I’ll grant a temporary exception for fans of the Minnesota Twins.
It has now been 15 years and three days since the Twins won a playoff game. That evening, Johan Santana started at the Stadium. Minnesota wore gray pinstripes and hats with an ‘M’ above the brim. Jacque Jones hit a two-run homer to account for the only scoring. Hall of Famers Mike Mussina and Mariano Rivera pitched for the Yanks; John Olerud played first base. Somehow, MLB managed to run a playoff game in less than three hours. It was a different time.
By this point, it seems callous to run the numbers again, so we’ll be quick. The Twins have lost 16 playoff games in a row. That’s five divisional exits, four at the hands of the Yankees, with a Wild Card game defeat to the Bombers mixed in for good measure.
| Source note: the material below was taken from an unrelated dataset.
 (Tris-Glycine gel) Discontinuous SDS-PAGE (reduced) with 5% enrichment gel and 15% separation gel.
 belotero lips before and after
There’s nothing magical or predictive about this little run. There isn’t any thread between the Corey Koskie–Torii Hunter Twins and the ballclub that lost last night; they don’t even share a home stadium.
The Twins have usually been underdogs in these games, though only slightly so. The Orioles were far bigger long shots in every matchup they had against New York this year and last, and even that feeble and overmatched club managed to win a quarter of those games. For Minnesota, the streak is undoubtedly frustrating. It’s a narrative that has fed on itself for at least a decade now. It sucks and it’s a shocking confluence of events, but that’s all there really is to say about it from an analytical perspective. Read the rest of this entry »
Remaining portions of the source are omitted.